If you go by the sheer volume of material that is out there about me, I still think that there are others who would probably win that crown. I’m not going to name names, but back in June 2003, I ranked #2 on the  The Five Biggest Jerks in Gaming

See, this is very simple. I don’t like being bullied, attacked, or harassed. It goes back to my early days, and going into adulthood, it’s something that I stand firmly against.

I make absolutely no excuses for who I am, what I’ve said, or what I’ve done. I make a mistake, I own it, I move on. Whoever hangs on to it, like cancer, it’s on them.

I don’t try to be who I’m not, because I’m not out to impress anyone.

I have this attitude in everything that I do, especially how I run my gaming communities. If someone is polite, and respectful, you get much farther with me. Behave any other way, you’re getting yelled at, perma-banned, and kicked out of my frame of mind where you will remain forgotten.

I don’t have a single contractor, or business partner who will, under oath, say that I’ve said, and done anything out of character, or treated them with anything short of respect. It’s just my way. The old school way. As I’ve said in numerous interviews, I take pride in those sort of things because they are important to me.
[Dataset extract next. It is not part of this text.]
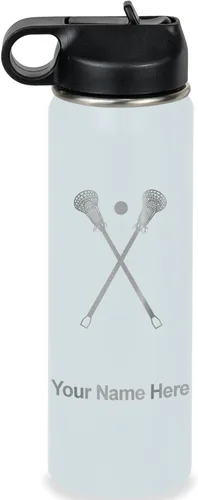 Miniatura 40 de LaserGram Botella de agua personalizada, palitos de lacrosse, acero inoxidable de doble pared aislada al vacío con popote superior, regalo grabado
Even if business goes sideways, I try hard not to burn bridges because relationships are everything, and you just never know when you’re going to run into people again in this life, or this Godforsaken industry for that matter.

All the industry friends that I have and know today, for example, Phil Adam, Robert Sirotek, Ricardo Sanchez etc, I’ve known for many, many years. I know CEOs of large corporations, all the way down to the guy who does boring web work. I’m every man because where I come from, everyone is equal, and must be treated as such. No exceptions. No matter how you feel about them.

Yes, I’m exceptionally eccentric, I’m not a people person in that I don’t thrive on doing things with people in real life. Over 90% of my interaction with people, like, you know, humans, is online. I don’t do the “buddy” thing because I don’t know how to “hang out”. I don’t drink strong alcohol, smoke, drugs (unless you count meds) or anything of the sort; the activities that most people tend to do socially.

Being around people, quickly gets boring; and if I’m not talking about something that I’m passionate (e.g. science, sci-fi, gaming, software development etc) about, I zone out. In mid-conversation. If you’ve ever seen, or heard me do live interviews, podcasts etc, then you already know that I’m exceptionally passionate, and excitable when I speak. Sharing knowledge, and opinions, is what works for me.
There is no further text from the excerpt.